Dar Gracias

When I was younger, gracias was probably the first word in Spanish I ever learned.  I did not know then that I would grow up to pursue the goal of speaking fluently and understanding this language, or that this goal would take me ultimately on a five week trip through Peru before coming to live for five months in Chile.  This is what I’ve found myself doing, and now I as I am just starting my time in Valparaíso, Chile, I feel compelled to look back at the past few weeks.

One of the kind and welcoming people I met was a man named Cesar, who jointly owns a tiny farm and ecotourism spot in the jungle of Peru, near the city of Tarapoto.  He grew up outside of Tarapoto, and described to me how when he was going to university, coming home for the weekends or for vacations was always like medicine for him.  I could easily understand – after having spent a few days at Wayra Sacha, I felt physically and mentally healed from the malaise brought on by the bustling city of Lima.  Cesar told me that one’s entropy rises in the city, causing stress and internal disorder, but that to keep my entropy low, I would simply have to remember to give thanks.  When I ate a meal, I would have to remember the earth that it was grown in, the people who had tended and harvested it, just like I had been tending to the crops.  I would have to give thanks.
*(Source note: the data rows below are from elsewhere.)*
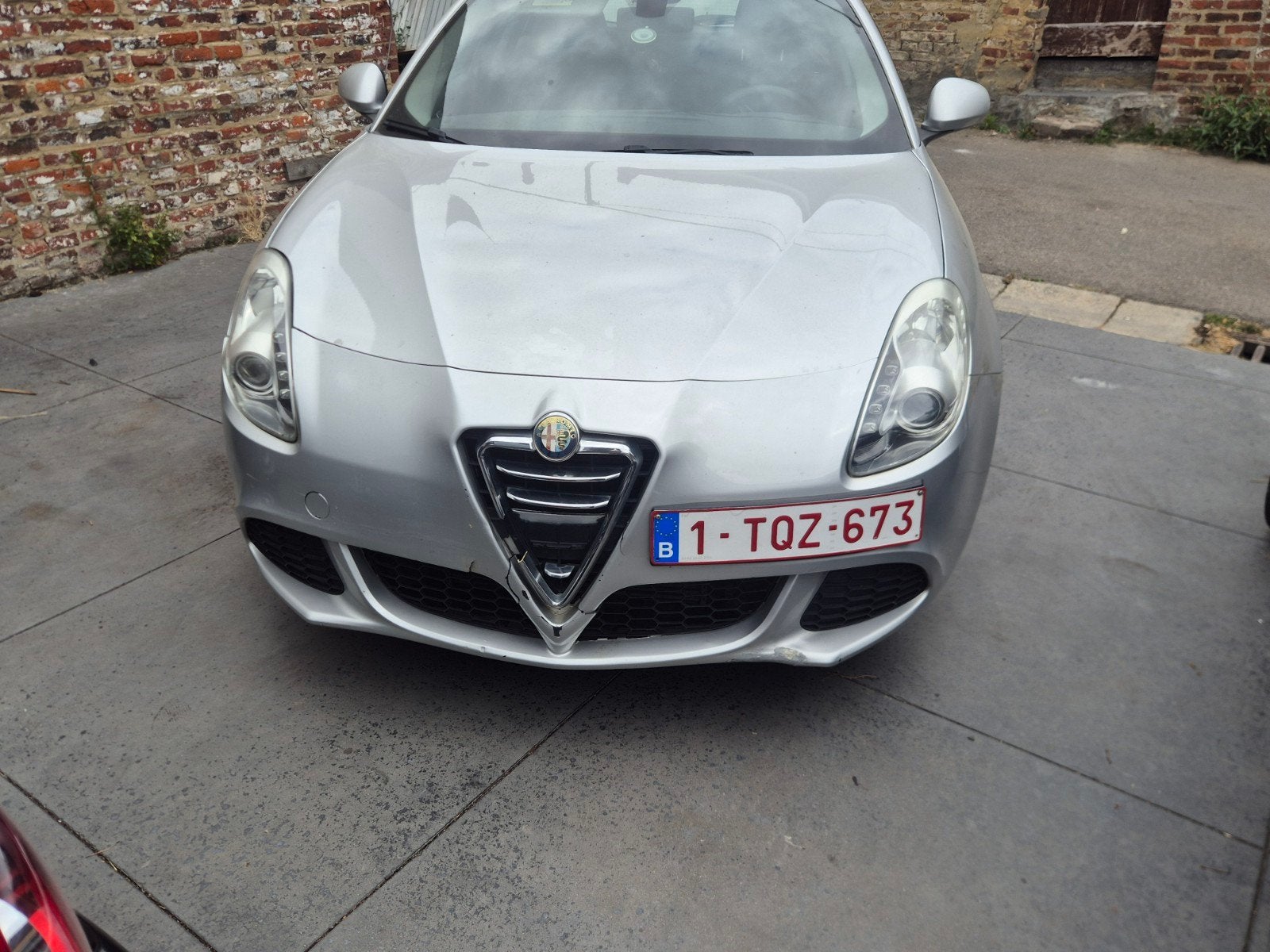 ALFA ROMEO GIULLIETTA PETIT DEGATS CARROSSERIE BRUIT TURBO, Voorwielaandrijving, Euro 5, Stof, Zwart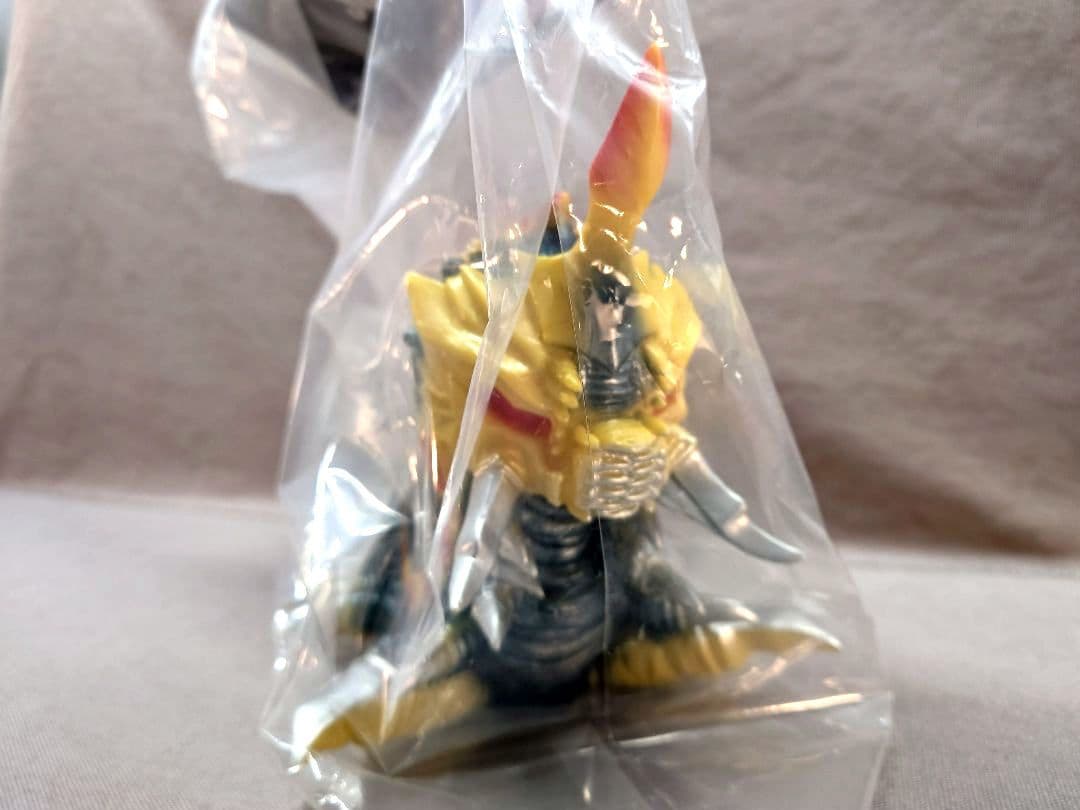 ゴジラ VANYL WARS　マーミット製 「バトラ幼虫」　メディコム・トイ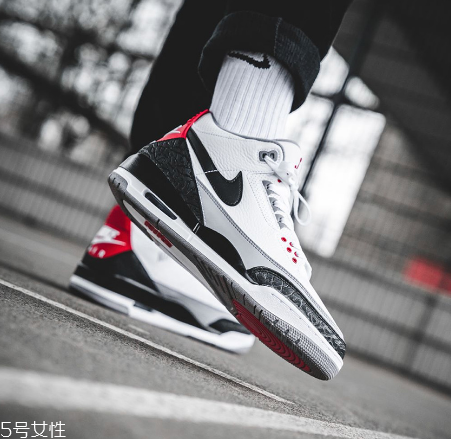 air jordan 3 tinker上腳效果怎么樣？
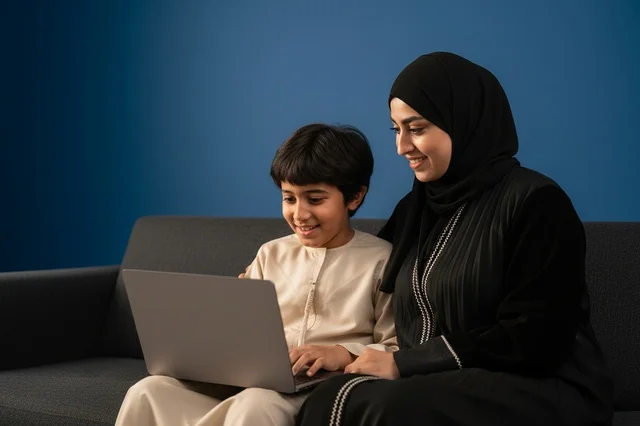 أم إماراتية وابنها يستخدمان الحاسوب المحمول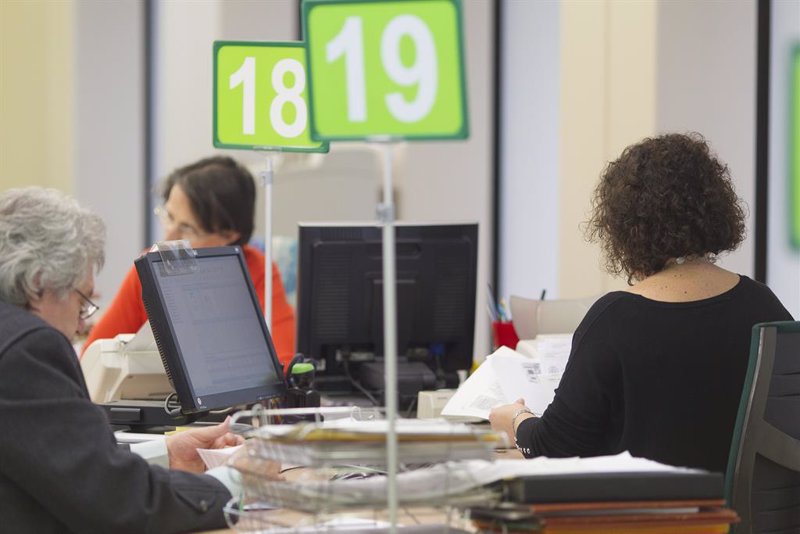 La tasa de paro de la eurozona se modera una décima y se sitúa en el 6,2% en abril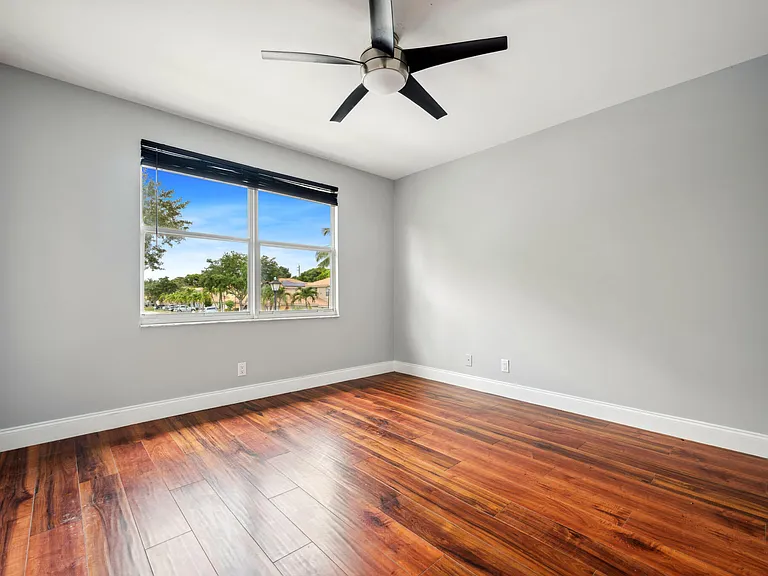3460 Commodore Ct — Photo 12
Now, after a trip that was nothing like I planned but held more meaning for me than I ever imagined, I have much more to give thanks for than the food I have eaten (although it’s been some seriously good eating).  I have to give thanks to my sister Jessie, for telling me of the cheap ticket prices and showing me around Lima, explaining the taxis and the food and the good and bad neighborhoods, and to her husband and kids and the whole family there for giving me a great couple of weeks where the days were relaxed yet full.  I want to give thanks as well to the chefs who I’ll never see but who never let me down; to the bus drivers who had patience with a couple of lost gringas with no idea how much to pay or where to board; to the city of Lima for letting me join in its colorful and chaotic birthday celebration.

I thank the planes that make life easier and shorten a sixteen hour journey into two hours.  I thank the long distance buses and minivans that save money and let you see more, of the life of ordinary people, of the out-of-the-way unvisited towns consisting of stray dogs and houses painted with political slogans perched on sides of mountains.  They let you experience more, when you’re stranded far from your destination in a little town and you realize that the old woman you’re asking for directions is a Quechua speaker who knows less Spanish than you do.  They come and rescue you, when you’ve walked down from Machu Picchu and along a railroad track for two hours only to find that the bridge is out and there are people occupying the train trying to get to Cuzco, when you follow these strikers off the train and down a road that leads to the place where the bridge fell, a rushing river now passable via log, and the train has pulled away so there is not really any choice but to cross, and at the other end to find a driver with open seats who will drive you over curving guardrail-less high mountain roads and tell you about how his parents named him Ronald after Ronald Reagan, and how his schooling to become a guide is going, and how when someone yawns the joke is to ask “from hunger or from sleepiness?”

I have to thank our hosts in Cuzco, for having their doors open at 1 a.m. when Ronald deposited us in a plaza and we stumbled up the long, long stairs and proceeded to hang out listening to reggae and classic rock for several more hours.  We passed some good times in that apartment in San Blas, and that was another opportunity to see another side of a famously touristy city and its surroundings.  Just a hint: if you find yourself in Peru, go to the market, and get the juice and/or the daily menu.  It’s always good value and most of the time good conversation with the woman who’s serving your soup and your tripe-with-potatoes.

So thank you to Peru for lending my travel buddy Maria and I your buses, your hostel rooms, your ancient ruins and gorgeous landscapes, the brightness of your beaches and the intensity of your cities.  And thank you to Cesar for reminding me to give thanks, which is something that I will think of often as I head toward the new challenges of living, working, and playing in the cities of Valparaíso and Viña del Mar.